## [Your goal]
Give back each record precisely, pictures excluded.

## [Given data]

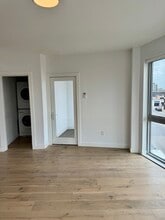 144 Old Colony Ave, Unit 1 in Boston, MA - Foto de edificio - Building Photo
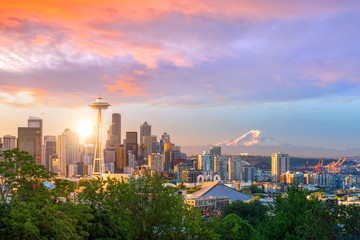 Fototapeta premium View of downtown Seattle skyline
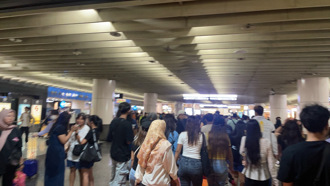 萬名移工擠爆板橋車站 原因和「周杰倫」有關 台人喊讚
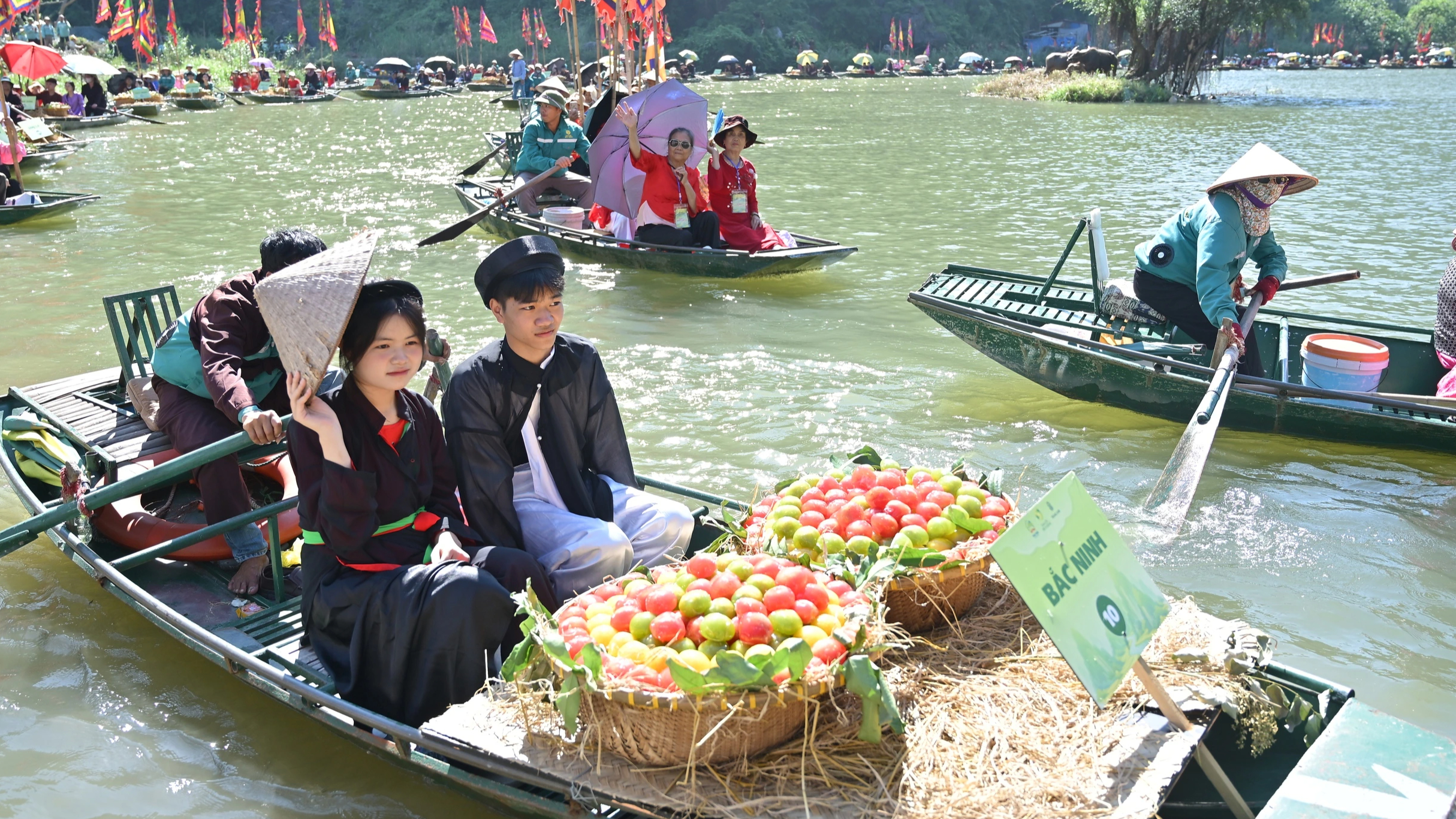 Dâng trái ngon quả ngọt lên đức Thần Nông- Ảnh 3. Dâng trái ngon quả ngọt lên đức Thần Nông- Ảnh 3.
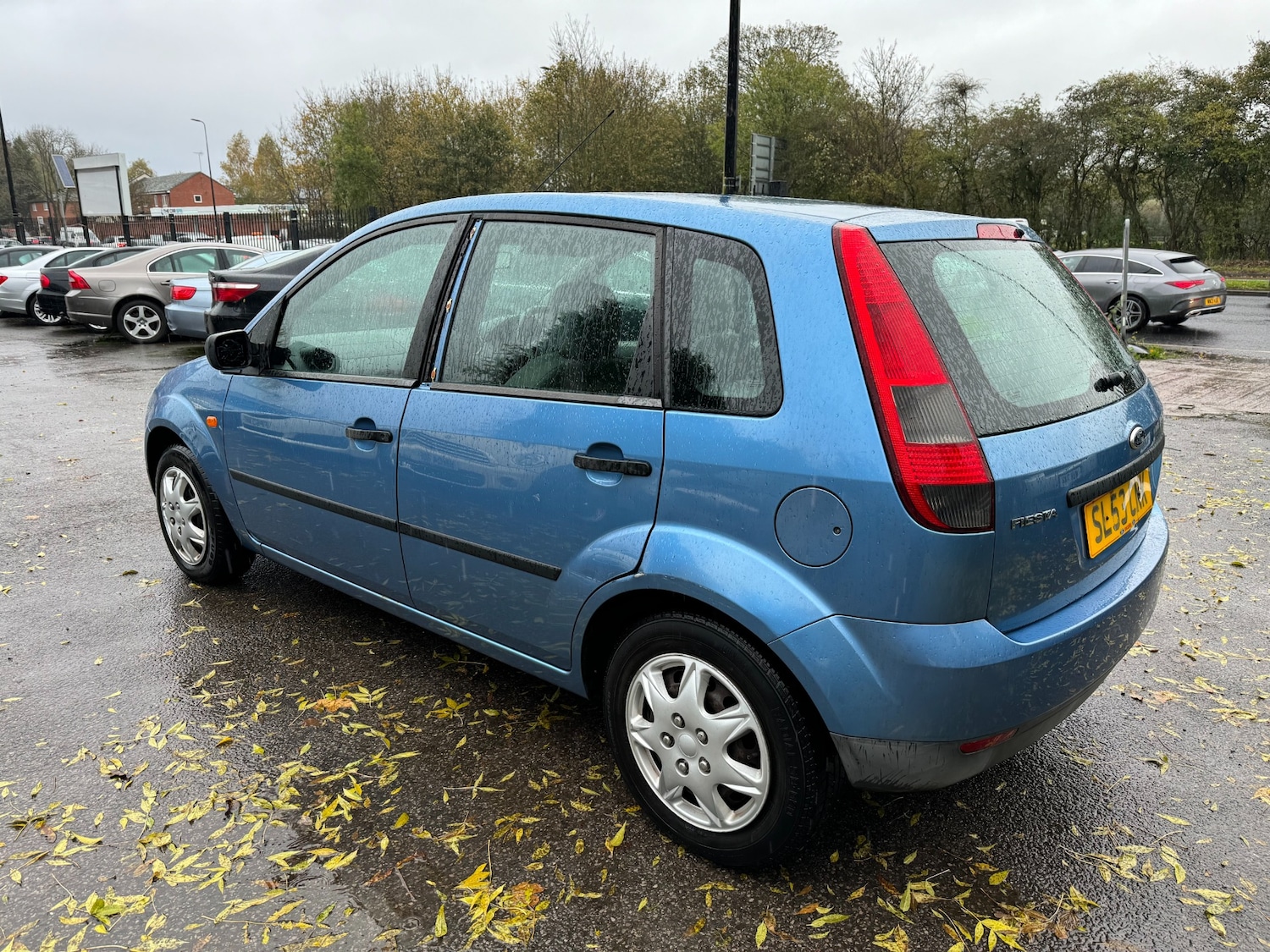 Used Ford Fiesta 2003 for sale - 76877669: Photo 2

## [Task result]
 144 Old Colony Ave, Unit 1 in Boston, MA - Foto de edificio - Building Photo
 Fototapeta premium View of downtown Seattle skyline
 萬名移工擠爆板橋車站 原因和「周杰倫」有關 台人喊讚
 Dâng trái ngon quả ngọt lên đức Thần Nông- Ảnh 3. Dâng trái ngon quả ngọt lên đức Thần Nông- Ảnh 3.
 Used Ford Fiesta 2003 for sale - 76877669: Photo 2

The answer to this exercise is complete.